Ultimately, the bureau announced that its bogus investigation failed to find corroborating evidence for Ford’s claims. It was reminiscent of Judge Clarence Thomas’ confirmation hearings in 1991, when he too was charged with sexual misconduct. The Judiciary Committee, headed by the senator at the time. Joe Biden – ending proceedings before corroborating witnesses can appear.

Trump’s third Supreme Court pick, Amy Coney Barrett, was also chosen under questionable circumstances. She replaced liberal icon Ruth Bader Ginsburg, who died in September 2020, just weeks before the 2020 election, in which Republicans lost both the presidency and their Senate majority – and with them the ability to control who is appointed to the Supreme Court. To research. The argument used by McConnell to prevent Obama’s choice of liberal justice would have applied much more strongly in this case. Instead, the Republican leader showed no qualms about revealing his hypocrisy and pushed for confirmation at lightning speed.

Each of these maneuvers, all carried out by Republicans, flouted centuries-old democratic traditions. They have produced a Supreme Court that is firmly in the hands of deeply conservative justices whose opinions disagree with the public on important and deeply emotional issues. And now, the revelations from the January 6 committee investigations threaten to further undermine the court’s legitimacy.

Virginia “Ginni” Thomas, the wife of Supreme Court Justice Clarence Thomas, previously admitted to attending the so-called “Stop the Steal” rally on January 6, which preceded the attack on the US Capitol. However, according to a CNN scoop from mid-June, the select committee now has email correspondence between Ginni Thomas and John Eastman, the lawyer who in 2020 masterminded the plot to replace voters in key states. by Trump supporters. The committee also has text messages between Ginni Thomas and Mark Meadows, who was Trump’s chief of staff during the insurgency and was apparently another central player in the alleged coup attempt.

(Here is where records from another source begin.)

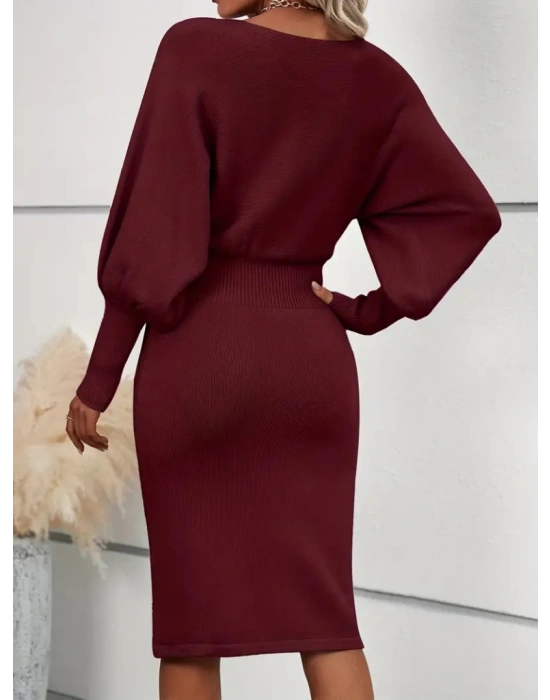 Kadın Uzun Yarasa Kollu Yakası Açık Belden Oturtmalı Kısa Triko Elbise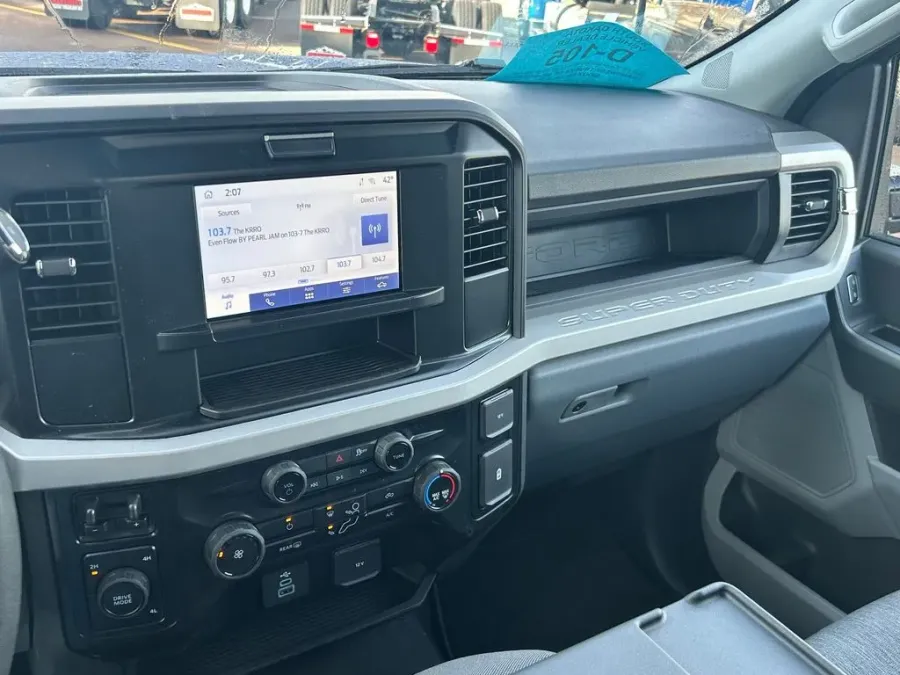 2026 Ford Super Duty F-250 XL | Photo 22 of 26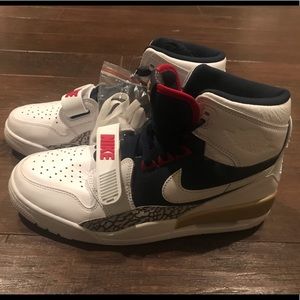 Mike Air Jordan Legacy 312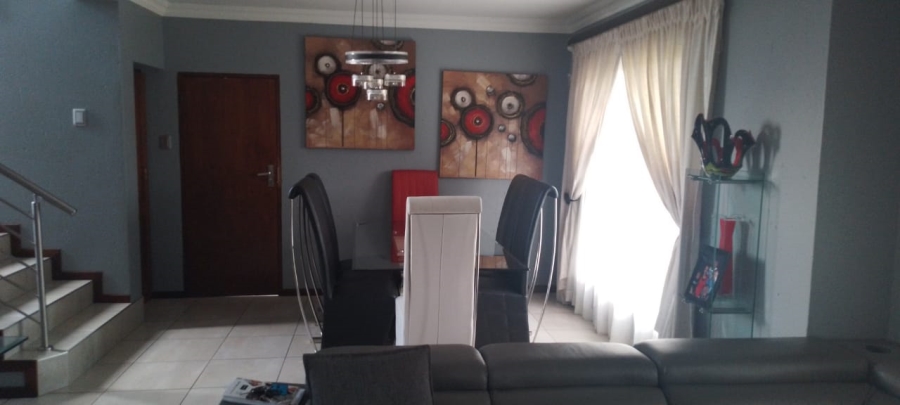 3 Bedroom Property for Sale in Helderwyk Gauteng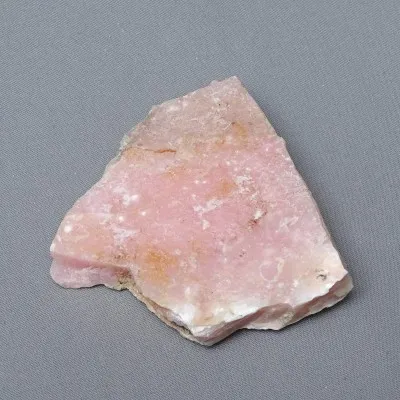 Andean pink natural opal 116g, Peru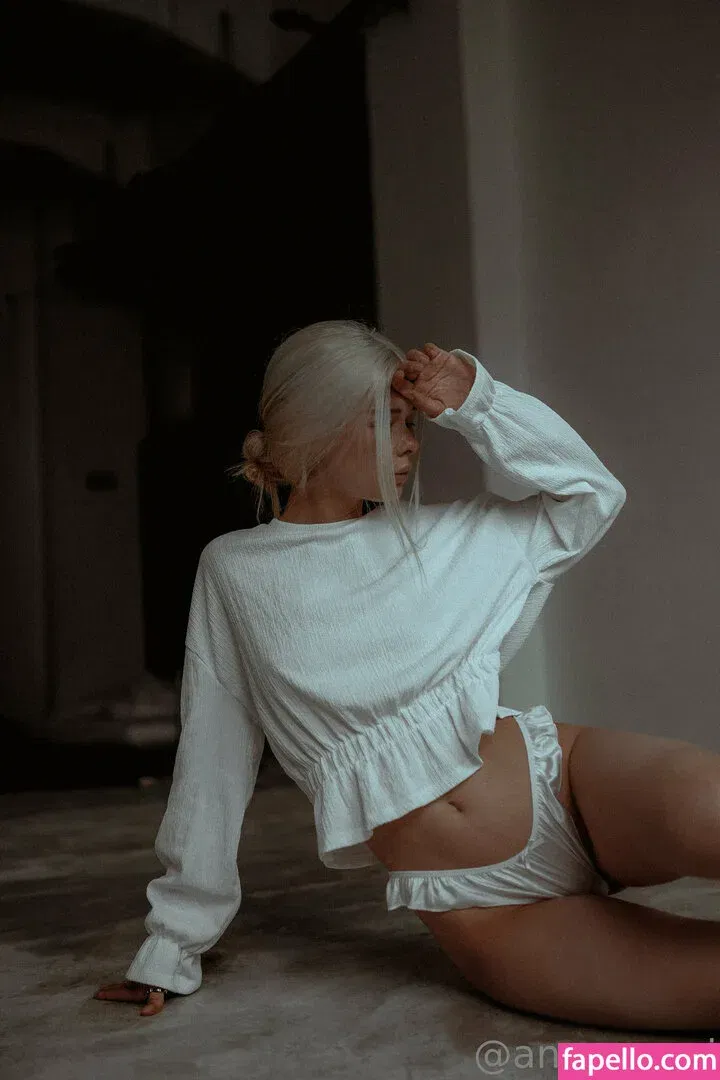 anna.ocori Onlyfans Photo Gallery 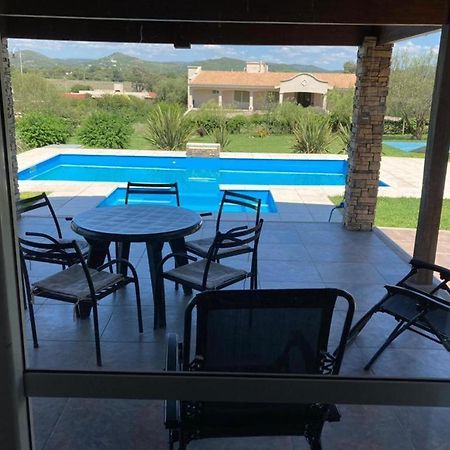 Casa Con Vista A Las Sierras De Cordoba Malagueno Exteriér fotografie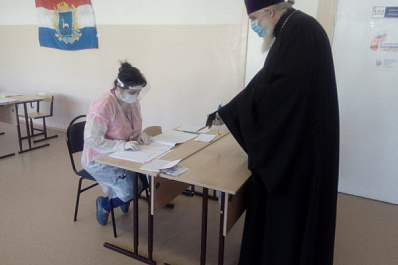 Участие в голосовании по поправкам в Конституцию принял почётный гражданин Тольятти, протоиерей РПЦ отец Николай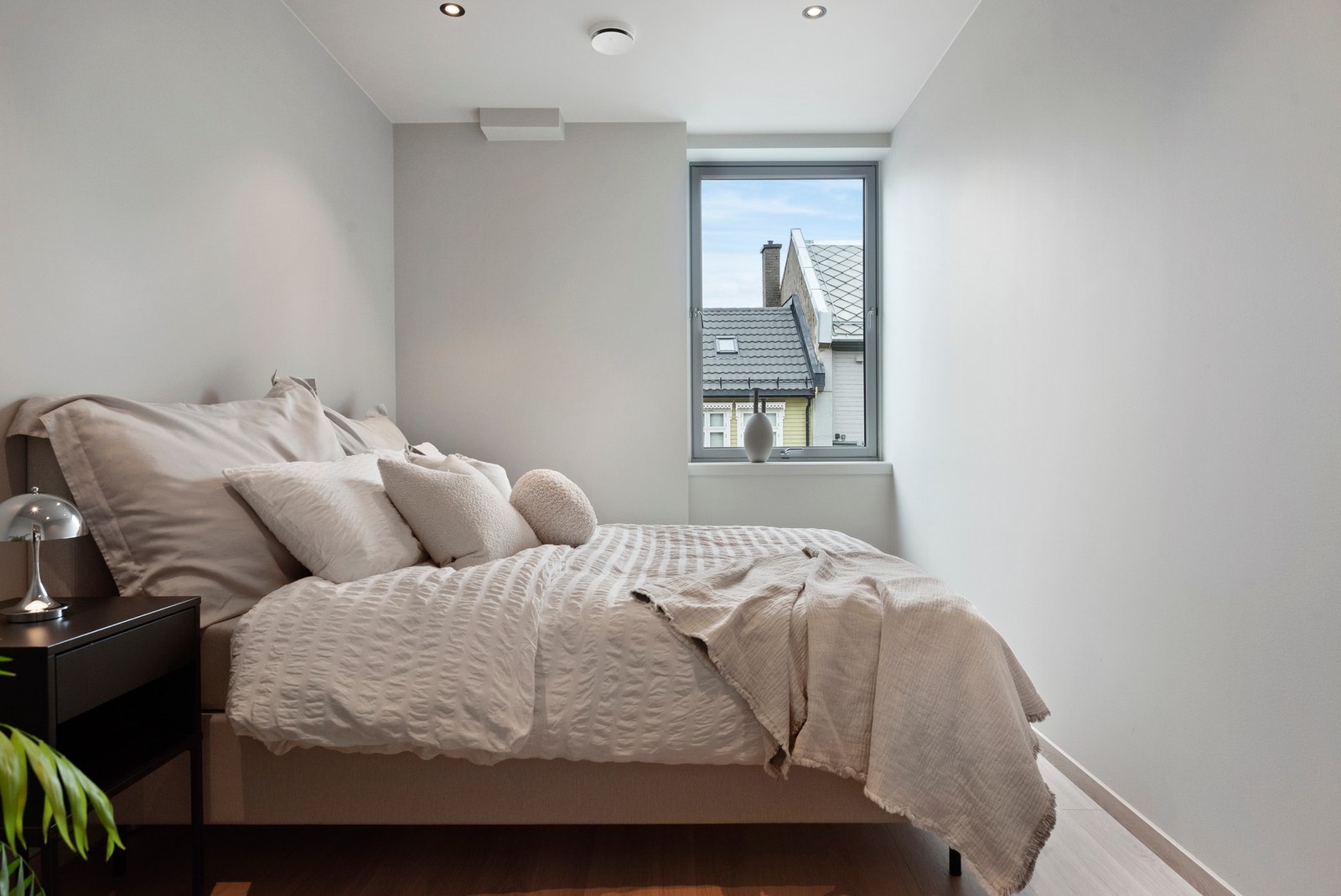 Soverom med god plass for garderobe i tillegg til seng. Galleribilde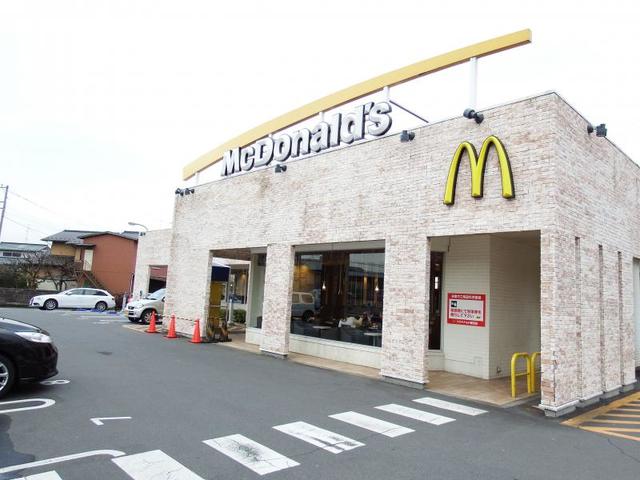 飲食店　マクドナルド妻田店（飲食店）まで552m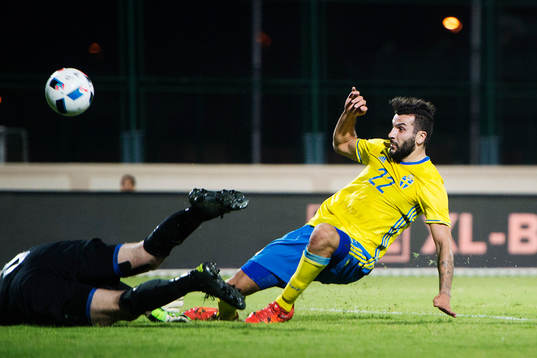 Sveriges Mikael Ishak gör 1-1
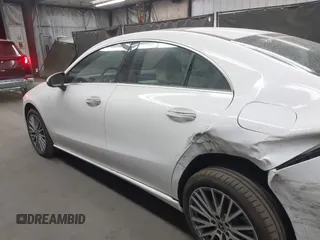 2025 Mercedes-Benz CLA 250 z VIN W1K5J4GB4SN481027, wystawiony jako IAAI lot #40772342 z przebiegiem 533 mil mil oraz . Historia ofert i sprzedaży dostępna na DreamBid. Obrazek 14.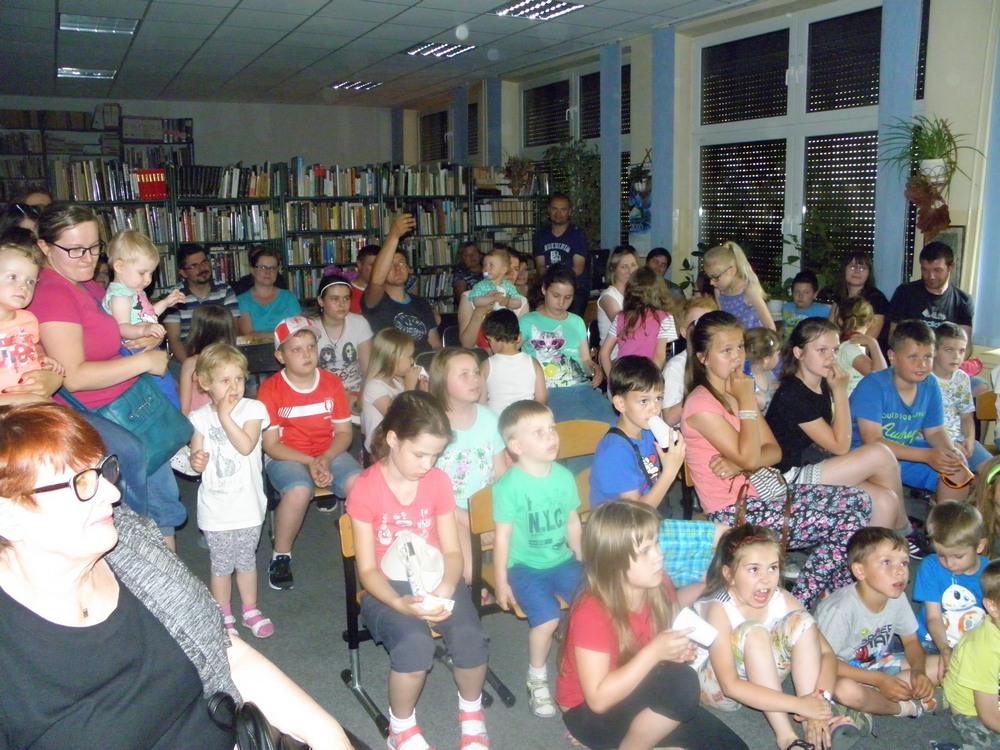 NOC BIBLIOTEK – WOLNO CZYTAĆ!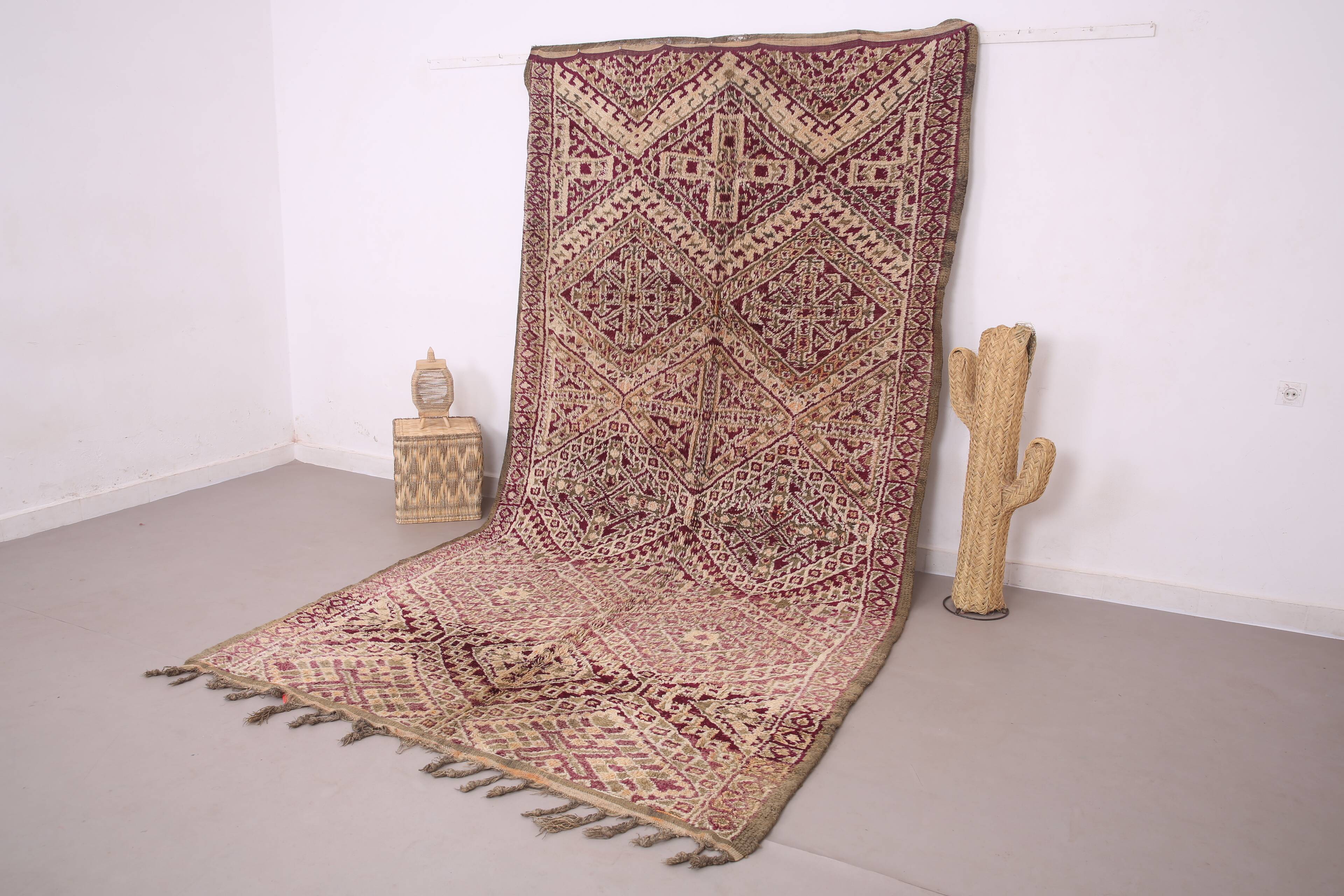 Purple Vintage Beni Mguild Rug 186 x 353 cm - Handmade Berber Wool Rug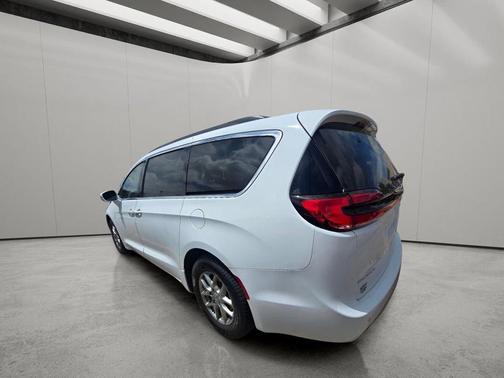 Bright White Clearcoat 2021 Chrysler Pacifica Touring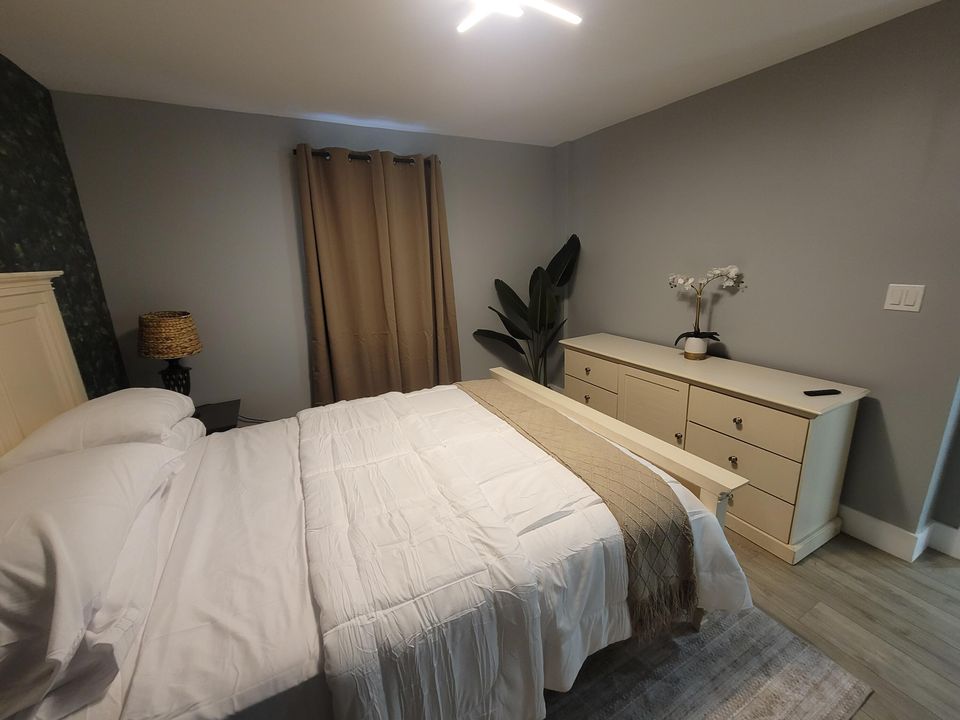 出租: $4,800 (4 贝兹, 4 浴室, 1900 平方英尺)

Ginni Thomas’ involvement in these campaigns calls into question the neutrality of Justice Thomas, who has voted for Trump in numerous Supreme Court cases related to efforts to overturn the 2020 election. doubts of Gorsuch, Kavanaugh and Coney Barrett, the Supreme Court’s credibility suffered a precipitous plunge, adding to the atmosphere of political turmoil that gripped the United States. Whether the country’s nearly 250-year-old democracy will survive the interconnected crises undermining the legitimacy of its most vital institutions remains to be seen.